* _Provided material_
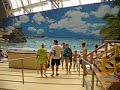 Tropical Islands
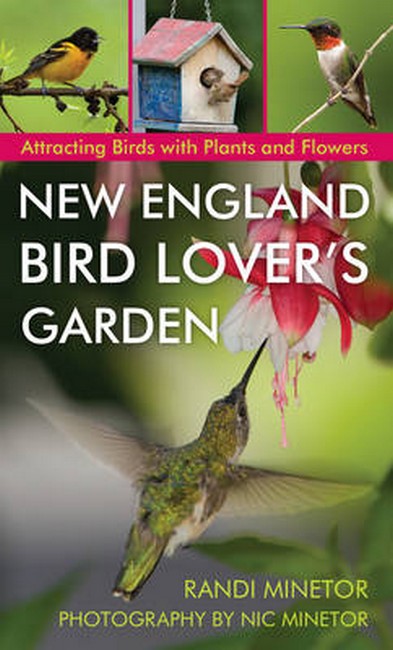 New England Bird Lover's Garden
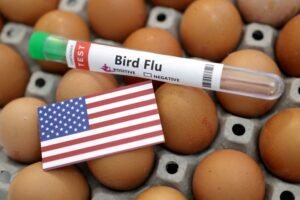 Exclusive: Trump Administration’s Health Department Layoffs Affect Bird Flu Response Team, Insider Reveals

* _What the exercise asks_
Print the whole listing exactly, please, and keep any images out of it.

* _Response below_
 Tropical Islands
 New England Bird Lover's Garden
 Exclusive: Trump Administration’s Health Department Layoffs Affect Bird Flu Response Team, Insider Reveals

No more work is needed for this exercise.